Required work
What lines of the data hold the string "Leather"? Copy them all.

Exercise input Block Start

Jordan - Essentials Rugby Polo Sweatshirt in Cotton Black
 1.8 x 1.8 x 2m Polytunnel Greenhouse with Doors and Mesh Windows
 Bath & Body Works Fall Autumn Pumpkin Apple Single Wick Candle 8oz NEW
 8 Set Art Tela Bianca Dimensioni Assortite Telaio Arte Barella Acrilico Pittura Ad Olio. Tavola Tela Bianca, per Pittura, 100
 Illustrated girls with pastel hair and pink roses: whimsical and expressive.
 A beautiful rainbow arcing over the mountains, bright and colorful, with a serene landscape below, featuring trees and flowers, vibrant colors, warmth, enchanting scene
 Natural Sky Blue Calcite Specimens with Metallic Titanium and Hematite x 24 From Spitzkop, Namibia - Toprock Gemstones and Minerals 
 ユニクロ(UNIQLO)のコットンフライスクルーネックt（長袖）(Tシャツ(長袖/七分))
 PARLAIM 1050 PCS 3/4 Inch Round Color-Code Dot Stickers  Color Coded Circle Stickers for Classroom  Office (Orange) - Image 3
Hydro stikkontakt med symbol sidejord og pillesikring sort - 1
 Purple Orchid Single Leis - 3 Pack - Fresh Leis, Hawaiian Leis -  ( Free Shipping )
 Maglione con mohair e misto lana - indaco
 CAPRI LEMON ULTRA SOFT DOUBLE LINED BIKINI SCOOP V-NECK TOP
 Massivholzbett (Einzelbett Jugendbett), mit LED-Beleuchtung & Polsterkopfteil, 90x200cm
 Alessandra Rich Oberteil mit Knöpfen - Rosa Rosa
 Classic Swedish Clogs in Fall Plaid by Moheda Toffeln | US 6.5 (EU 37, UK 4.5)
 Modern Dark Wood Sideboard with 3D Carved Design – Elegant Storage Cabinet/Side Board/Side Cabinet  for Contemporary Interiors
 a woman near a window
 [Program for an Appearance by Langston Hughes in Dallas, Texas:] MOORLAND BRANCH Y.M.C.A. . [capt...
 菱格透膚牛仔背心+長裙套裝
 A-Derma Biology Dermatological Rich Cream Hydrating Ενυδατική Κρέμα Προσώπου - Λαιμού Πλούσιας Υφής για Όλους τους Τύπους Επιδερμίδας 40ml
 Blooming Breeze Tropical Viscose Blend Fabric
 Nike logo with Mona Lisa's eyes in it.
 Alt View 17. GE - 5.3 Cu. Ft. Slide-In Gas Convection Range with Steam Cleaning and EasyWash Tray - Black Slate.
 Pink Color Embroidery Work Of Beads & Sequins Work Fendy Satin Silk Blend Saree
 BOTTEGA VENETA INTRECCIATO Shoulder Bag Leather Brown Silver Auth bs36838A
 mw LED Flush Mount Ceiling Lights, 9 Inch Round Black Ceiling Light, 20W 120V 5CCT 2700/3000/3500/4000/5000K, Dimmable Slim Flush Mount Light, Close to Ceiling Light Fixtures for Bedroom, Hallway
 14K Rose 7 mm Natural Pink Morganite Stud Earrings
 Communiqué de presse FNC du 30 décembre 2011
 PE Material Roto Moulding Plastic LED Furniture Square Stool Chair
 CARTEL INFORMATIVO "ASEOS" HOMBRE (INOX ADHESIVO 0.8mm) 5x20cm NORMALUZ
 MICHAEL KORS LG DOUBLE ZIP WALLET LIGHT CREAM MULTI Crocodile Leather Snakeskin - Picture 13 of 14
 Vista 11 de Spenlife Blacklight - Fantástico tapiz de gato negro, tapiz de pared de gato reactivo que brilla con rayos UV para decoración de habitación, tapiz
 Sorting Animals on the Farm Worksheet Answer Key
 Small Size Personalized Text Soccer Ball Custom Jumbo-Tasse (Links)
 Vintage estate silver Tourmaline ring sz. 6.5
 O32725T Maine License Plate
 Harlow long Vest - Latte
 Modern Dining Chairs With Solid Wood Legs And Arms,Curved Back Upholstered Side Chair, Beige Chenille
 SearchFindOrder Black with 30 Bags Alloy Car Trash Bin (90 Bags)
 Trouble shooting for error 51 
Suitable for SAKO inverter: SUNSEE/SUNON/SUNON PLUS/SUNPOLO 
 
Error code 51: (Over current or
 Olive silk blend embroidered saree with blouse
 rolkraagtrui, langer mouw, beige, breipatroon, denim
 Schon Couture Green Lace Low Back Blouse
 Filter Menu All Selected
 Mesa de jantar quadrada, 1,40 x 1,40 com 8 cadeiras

Exercise input Block End

Finished exercise
 BOTTEGA VENETA INTRECCIATO Shoulder Bag Leather Brown Silver Auth bs36838A
 MICHAEL KORS LG DOUBLE ZIP WALLET LIGHT CREAM MULTI Crocodile Leather Snakeskin - Picture 13 of 14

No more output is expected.